They say Silicon valley "is home to many of the world's largest technology companies". No doubt, any young technologist like me had his eyes set on Silicon Valley. So when I compare the nature of today's so-called "hi-tech" hot companies, namely Facebook, Twitter... I can't help but wonder where is the Science and Technology in them?
This morning I read Sarah Lacy's Techcrunch article "Silicon Valley at a Cross Roads: Entertainment or Science?" and it all made sense.
She put into the words the very question that lingered in my mind.
Will it [Silicon Valley] follow the Web 2.0 path further down the road of media and entertainment or go back to its roots of hardcore science and technology?According to her the valley made a choice between real hi-tech and Web 2.0 (that would lead to media innovation), back in early 2000s.
But in the early 2000s, the Valley was at a crossroads. Was the future cleantech or Web 2.0? Put another way, was the future starting a new stack or continuing to iterate on top of the mostly-built out one? The cleantech camp was championed by a lot of top Valley names– most famously John Doerr– who saw it as the most important way to change the world and an undeniably huge market that required real innovation. The Web 2.0 camp was championed largely by the PayPal Mafia’s angel investors like Reid Hoffman and Peter Thiel, and a handful of other angels and mentors like Marc Andreessen.
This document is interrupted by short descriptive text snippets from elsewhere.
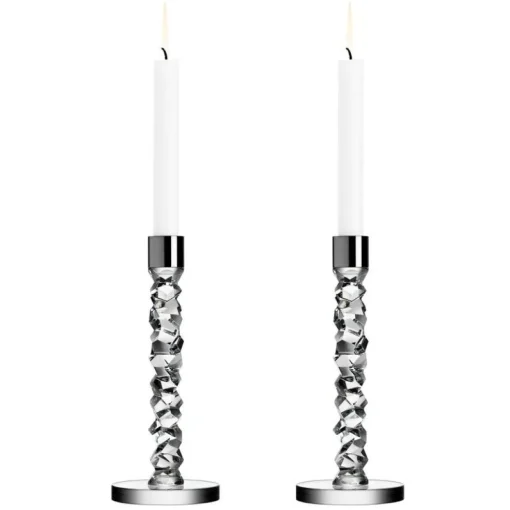 Carat Candle Holder H 24,2 cm, 2 pcs, Anthracite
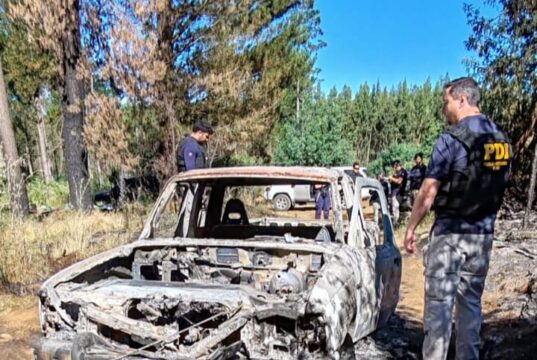 Asalto armado en Collipulli: víctima es interceptada y su vehículo termina siniestrado en zona boscosa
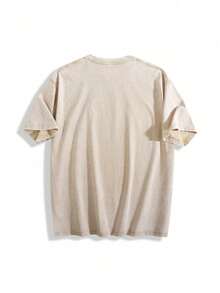 Star Print Tee Shirt, Tees For Men, Casual Short Sleeve T-Shirt For Summer - 杏色 - 查看 3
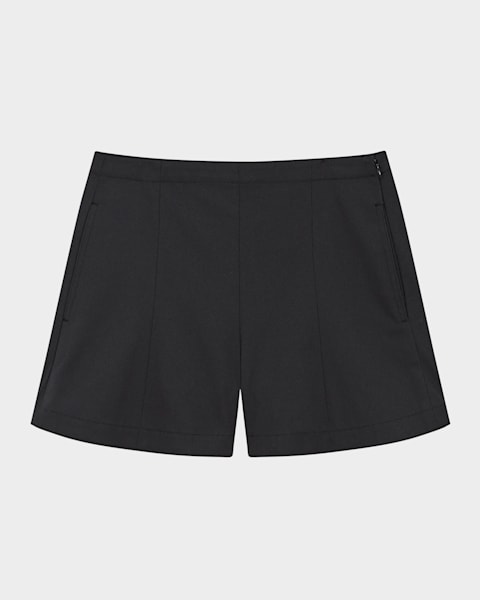 Chloe Velvet Micro Shorts | Neiman Marcus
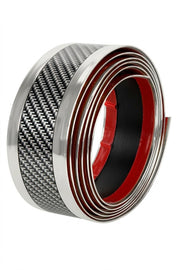 Bandă auto universală din carbon 5D, protecție exterioară, pentru praguri și uși, lățime 5cm, lungime 1M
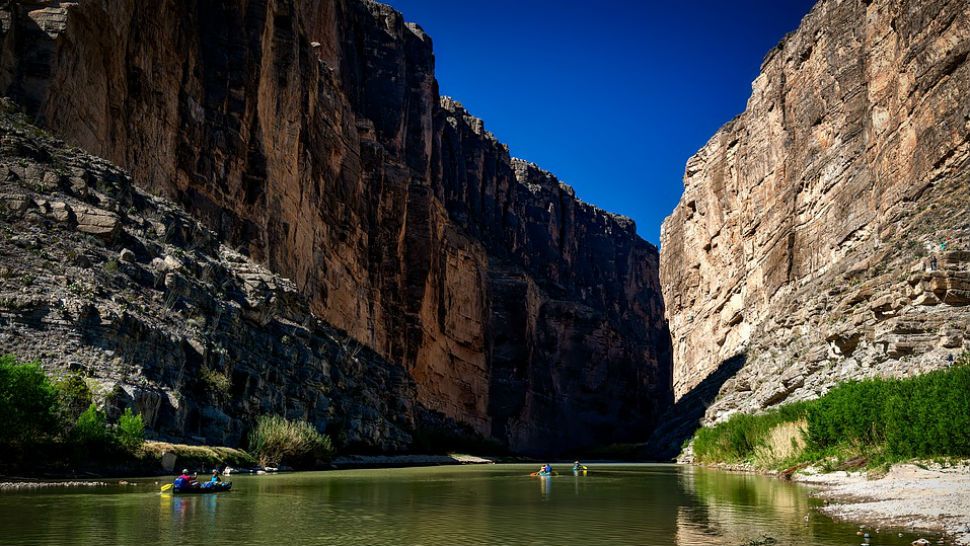 Rio Grande River at Big Bend National Park in West Texas.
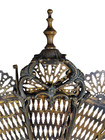 Vintage Brass Peacock Fireplace Fan Screen Hollywood Regency Decor 1900s Repair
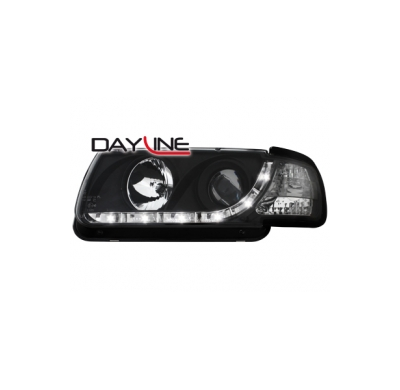 Faros Luz Diurna Vw Polo 6n 94-98 _  _ Negro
Many of them prized the fact that Web companies were the opposite of cleantech: Thanks to decades of technology build out they were cheap and low-tech to start, utterly changing everything about these companies from the size of the exit you needed to have a good return to how quickly you could know if you had something or not.
Ultimately, Web 2.0 won the Valley’s heart and hype....She then makes a logical guess about future that the valley will continue down "a path where San Francisco becomes the center of Web media, the way New York was the center of news media and LA was the center for entertainment media. These businesses are easier to understand, quicker to evaluate and more likely to produce a series of newsy blog posts"
I have to say, her post brought a moment of clarity to me this morning. You should read the entire article. Few people have the ability to observe a big industry over a long period of time and make sense about where it came from and where it is leading. Sarah Lacy is one of them.
My understanding and my hope is that even though Silicon Valley takes the route of a media industry, their will be "real" hi-tech innovation somewhere in the world. I feel confident about it when I read about Elon Musk's Tesla and SpaceX, Richard Branson's Virgin Galactic, or the Mega Machines episodes on Discovery channel that show behemoth engineering projects in China, Japan, S Korea. I also find promise in the grassroot culture of "Makers" that is taking shape in the form of Maker faire and the new industry of personal manufacturing that is evolving in the form of 3D printing. Hopefully we will build on top of the Web infrastructure that Silicon Valley provides and the true hi-tech innovation will take place in this virtual world and not in a specific physical valley.